Smith’s Bears teams from the beginning of last decade are near the top of that list. After losing the NFC title game to eventual champion Green Bay in the 2010 season, the Bears looked poised for another playoff run the following season before Jay Cutler went down with a season-ending thumb injury after a 7-3 start. Chicago lost five of six and missed the postseason as the seventh seed with an 8-8 mark.
The Bears were even better the next season, going 10-6, but once again missed out on the final wild-card spot thanks to a division record tiebreaker with Minnesota. Smith was fired after that season.
He’s not alone when it comes to coaches losing their job after missing the playoffs as the seventh seed, with Detroit’s Jim Caldwell (2017), Tampa Bay’s Jon Gruden (2008) and Minnesota’s Mike Tice (2005) all getting fired after seventh-place finishes.

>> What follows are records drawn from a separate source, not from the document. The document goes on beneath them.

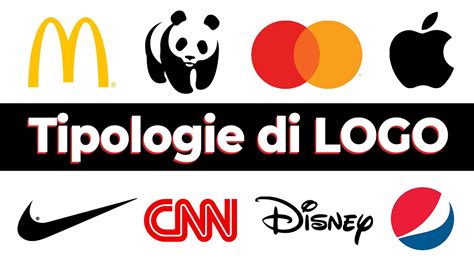 Esempio di logo stilizzato per rappresentare una diocesi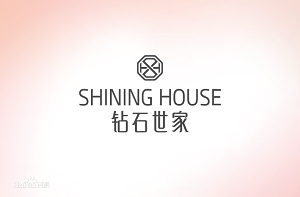 SHININGHOUSE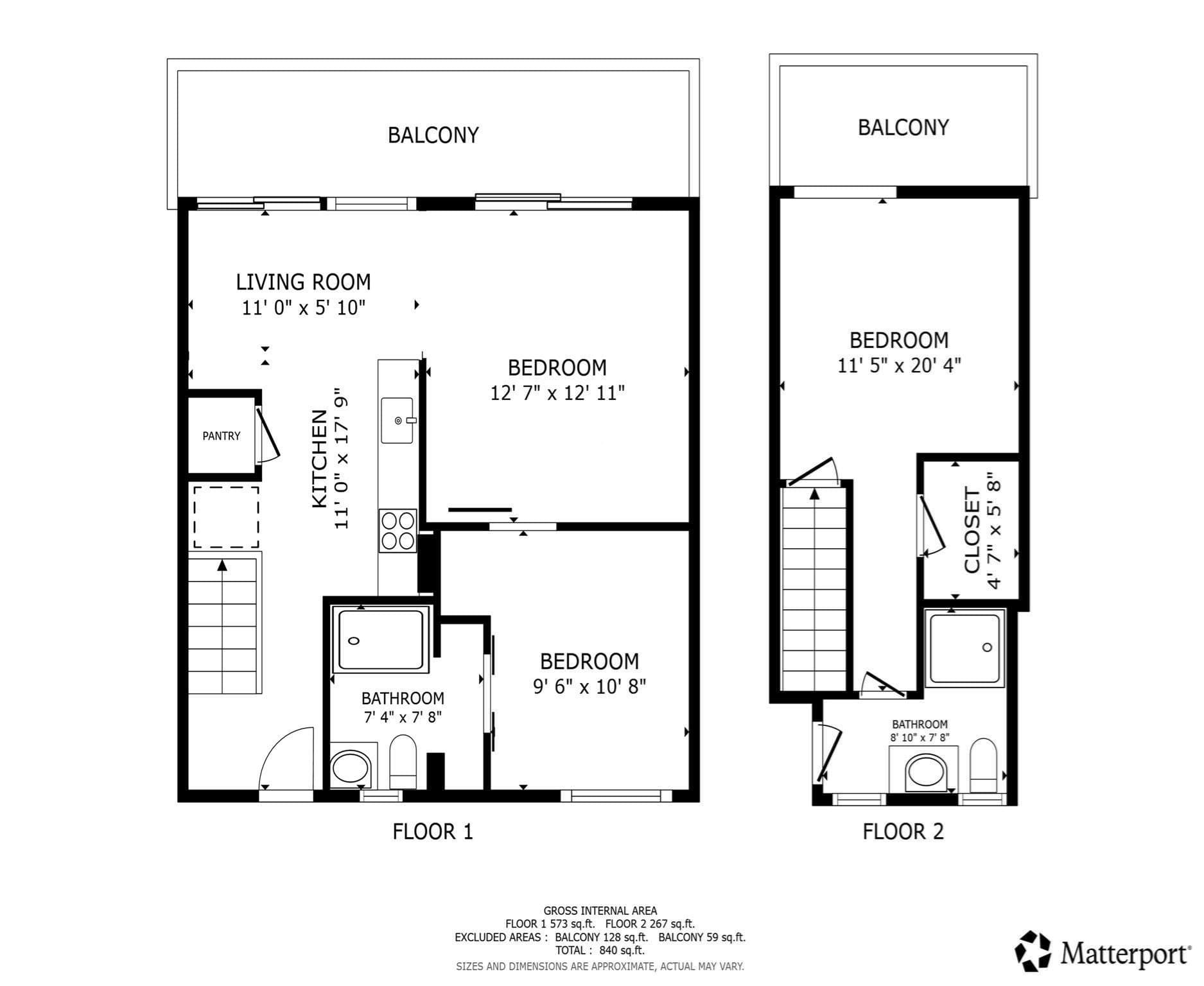 Condominium at 544 Shore Rd # 3, Truro MA 02666, photo 30 of 30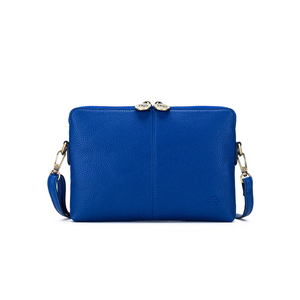 Kiara Crossbody Clutch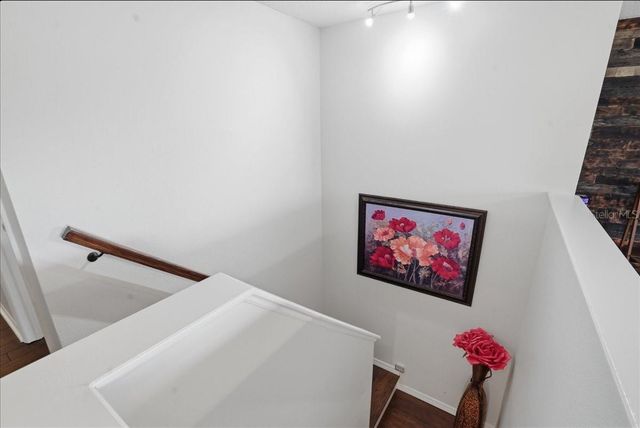 7860 ATWOOD DRIVE, Wesley Chapel, FL 33545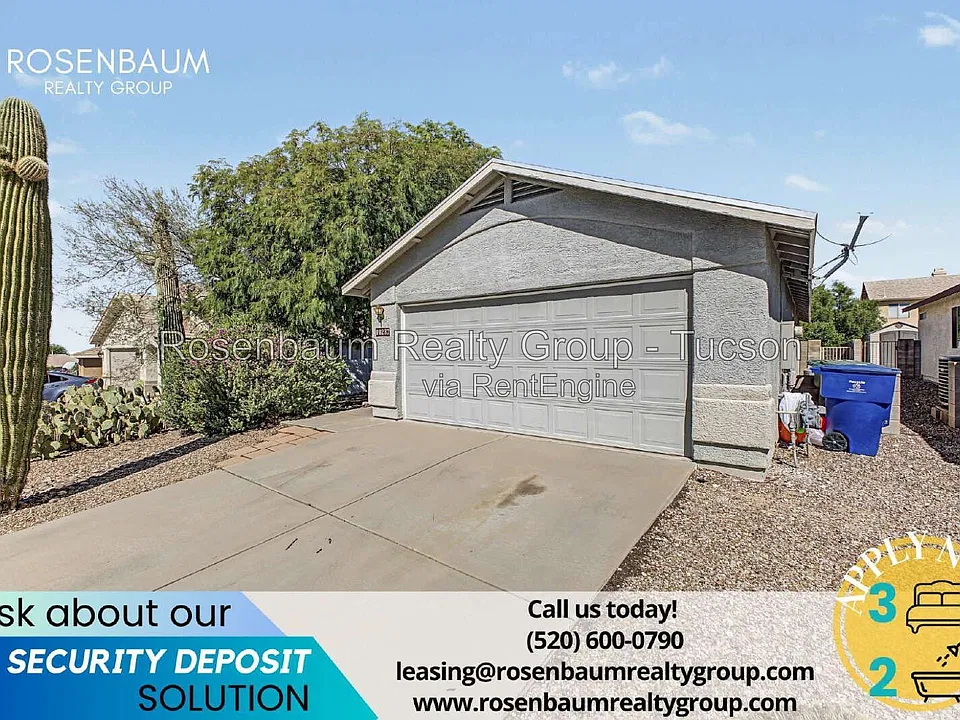 10237 E Desert Crossings Way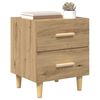 Miniatuurafbeelding van het product 3 van 16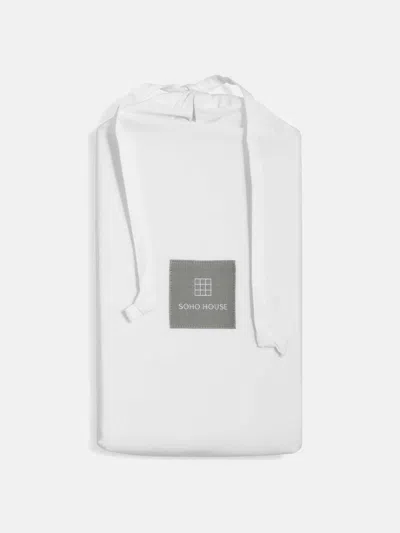 Soho Home House Pillow Protector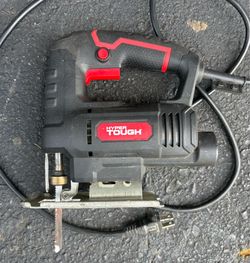 Hyper Tough 3.5-Amp TD3.5JS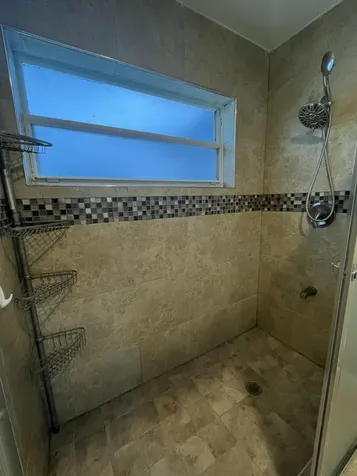 7420 Champagne Place Boca Raton FL 33433
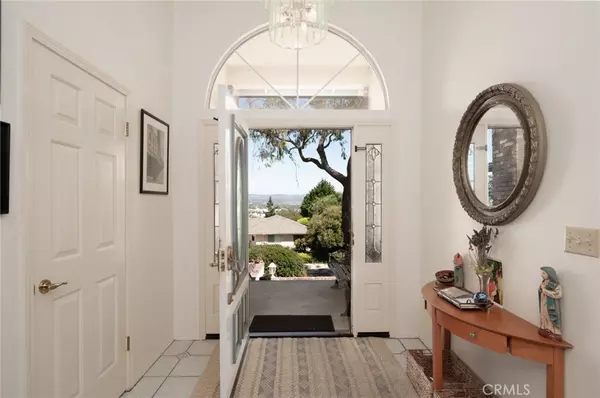 Lompoc, CA 93436,34 Cambridge DR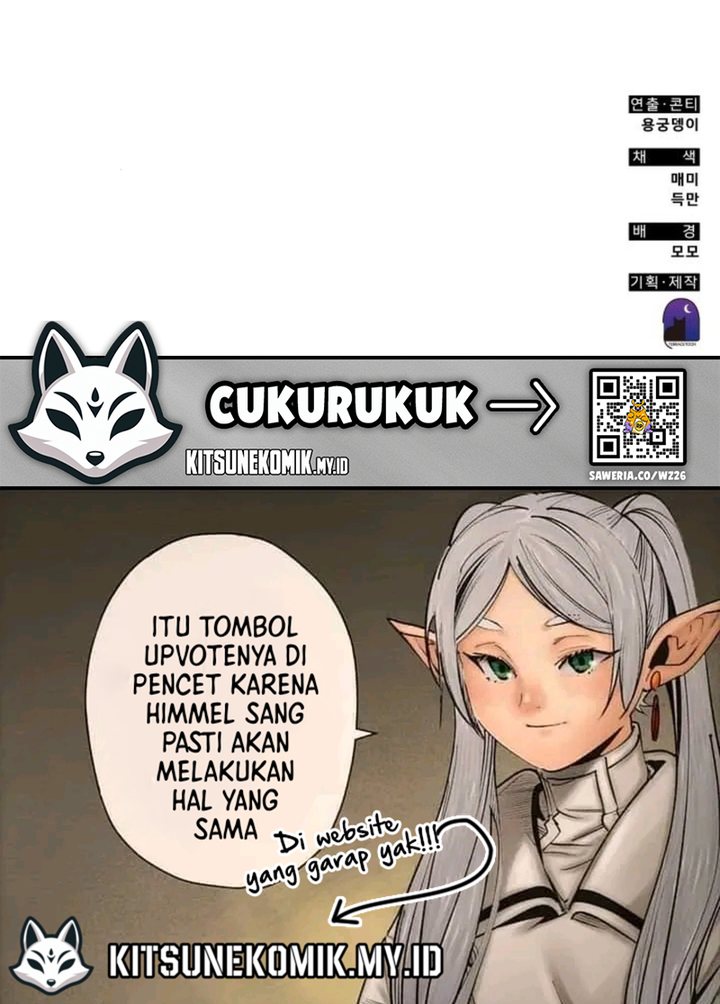 Transcension Academy Chapter 173 - halaman 65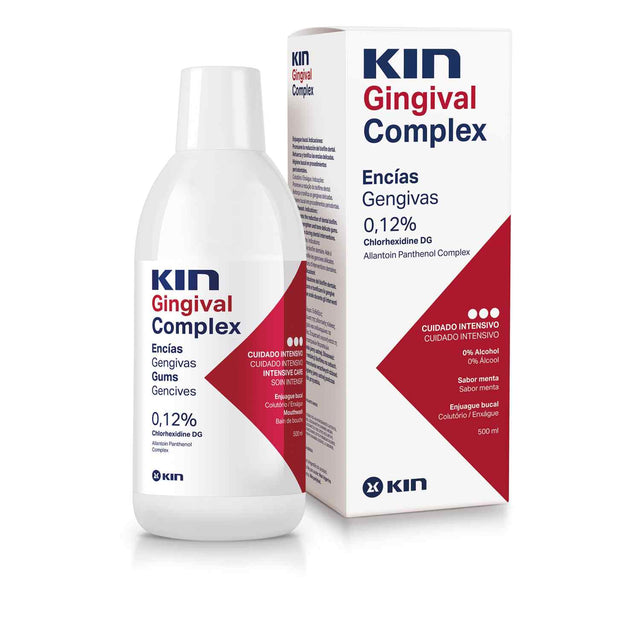 kin-gingival-mouthwash-500ml-1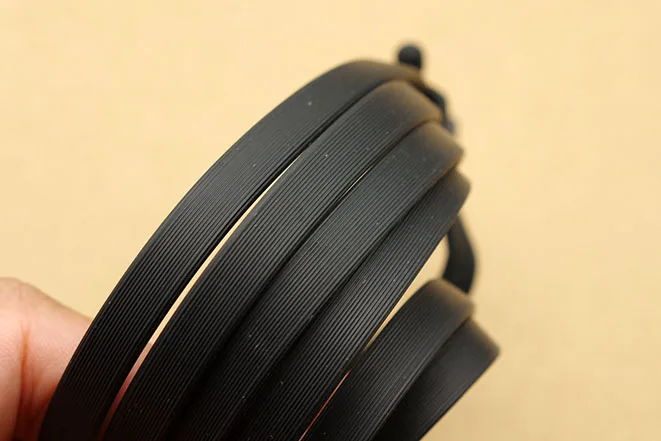 扁1米type-c数据线大图4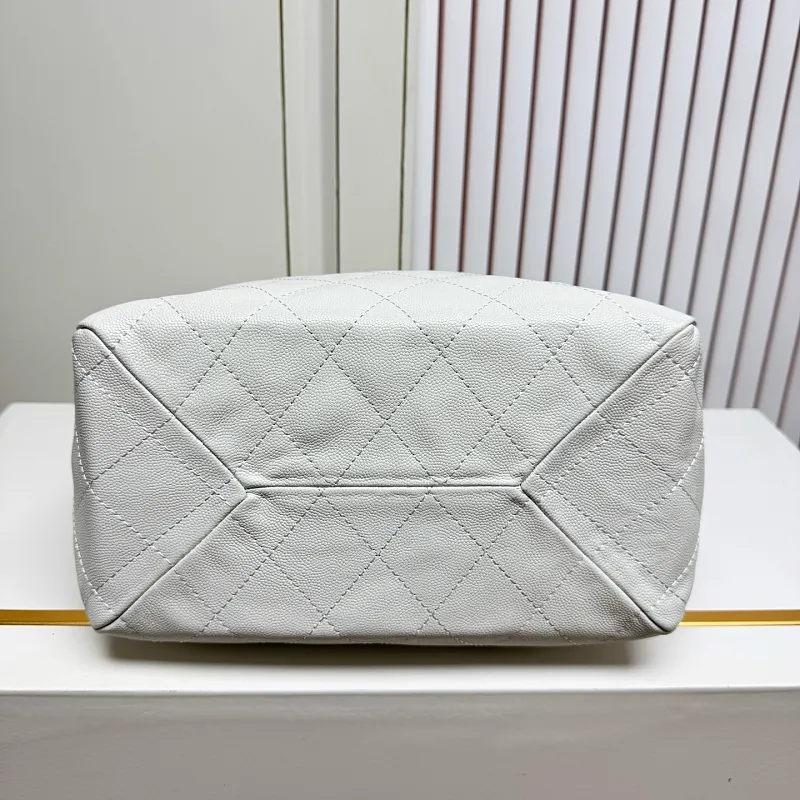 All Categories Chanel Women's Bags (Chanel) Chanel 6204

Caldwell’s firing came after a 9-7 mark that was his third winning record in four seasons but was one game behind Atlanta for the final wild-card spot. The Lions probably have more regrets than Caldwell over that missed chance, having gone 14-33-1 since then. They are looking for a new coach again after firing Caldwell’s replacement, Matt Patricia, during this season.
Had Gruden’s Bucs made it that season, it might have been enough to save his job in Tampa Bay and delay his entrance into the broadcast booth. That was one of two seasons the Bucs finished seventh during a 12-year playoff drought that finally ended this season with Tom Brady at quarterback.
Tampa also came in seventh in 2016, along with an eighth-place finish following a 10-6 mark in 2010.
The tough-luck missing playoff team that season was the Giants, who missed out the year before Eli Manning and Co. won their second Super Bowl under coach Tom Coughlin.
In all, 23 franchises under the current eight-division format put in place in 2002 would have benefited from at least one more playoff berth, led by Minnesota and Pittsburgh with four extra trips each.
New Orleans, Atlanta, Chicago, Denver, Houston, Tennessee and Tampa Bay all would have had two more playoff appearances if the seasons had played out the same way.
In the past, the extra team would have been more likely to be a double-digit winner like Indianapolis (nine times) than a .500 team like Chicago (eight times).
The new format also affects the postseason by eliminating the bye for the second-seeded team, forcing Buffalo and New Orleans to play this weekend instead of sitting at home.
No team has gotten to the Super Bowl the past seven seasons without a first-round bye and the last two champions got there as second seeds, with Kansas City winning it last season and New England the previous year.